I have, for some time now, considered myself to be a “craftsman” of code. In my Twitter bio, I’ve even been calling myself “A craftsman of fine digital goods”. By using that term, I intend to convey that I take a good measure of pride in the fact that on whatever project I’m currently working, I do my best to build interfaces that are a pleasure to use. That is, interfaces that help a user get their job done, and don’t get in the way by being showy or gimmicky. It also means that the code which I author to realize those interfaces is meticulous and rigorously written. Logically structured? Check. Namespaced to avoid scope collisions? Check. Thoroughly commented? Linted? Minimized for production? Check, check and check.

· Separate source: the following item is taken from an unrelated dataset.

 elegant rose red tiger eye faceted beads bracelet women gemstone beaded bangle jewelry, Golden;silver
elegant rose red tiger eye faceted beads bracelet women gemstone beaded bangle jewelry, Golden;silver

The use of the term “craft”—as well as its variants “hand crafted” and “craftsman”— arose in the collective consciousness of the web developer community perhaps 5 years ago as a synonym for “high quality”. Of course, I strive to produce the highest quality work I can in both my personal and my client’s projects, so I started to apply the word “craft” and its variants to my own work. I must admit that I hadn’t considered all the implications of what the word actually means.
I recently came across some posts1 which take critical views on the term and this particular application of it. They are The problems with ‘crafting’ code by Harry Roberts and I’m not a Craftsman by Mark Boulton. Together, they’ve made me consider more deeply the term which I’ve chosen as a convenient handle to represent the level of work I do and the pride with which I do it. Am I really accurately representing myself by calling myself a “craftsman”?
Among web development folks, in addition to denoting “quality”, I think the word “craft” and its variants also connote some gauzy, romanic notions of spending hours in a cozy workshop, whittling away at code to produce this perfect little, artisanal, one-of-a-kind handcrafted thing. Now that I consider the word in this light, it strikes me as sounding self-congratulatory, twee, and not really appropriate for the realities of the work we developers produce.
Most of my work day is spent doing contract development for clients. My clients expect that I deliver code that is efficient, fast, solid, robust, and scalable. They expect that I can turn their requirements into a functional product that adheres to those standards and do it reasonably quickly. While I’m fortunate to typically have a lot of latitude in my projects in which I can inject my own approaches methods and tastes, my clients couldn’t give a toss whether or not I “craft” my code. They only care that my code is clear, maintainable, and bulletproof.
While I’m not yet sure what the appropriate alternative to “craftsman” should be to describe development work of a certain quality, I do like the terminology used by Thomas Moser to describe himself and the people who work for his company.
…designers and builders of fine, solid wood furniture…
It’s earnest, unfussy and thoroughly appropriate for what they do. By using the adjectives fine and solid, it also connotes an easy, mature confidence in the idea that when you buy a piece of Thos. Moser furniture, you’ll enjoy using it, you’ll enjoy looking at it, and it will last you a lifetime.
So what is the most appropriate analogue to connote those ideas as they apply to development work? Am I a “designer and builder of fine, solid user interfaces”? Using the same adjectives is too facile and rings with a bit too much pretense to my ear. How about a “designer and builder of robust user interfaces”? Perhaps, but perhaps I should simply call myself a “designer and builder”, code the highest quality work that I can muster, and let the quality speak for itself.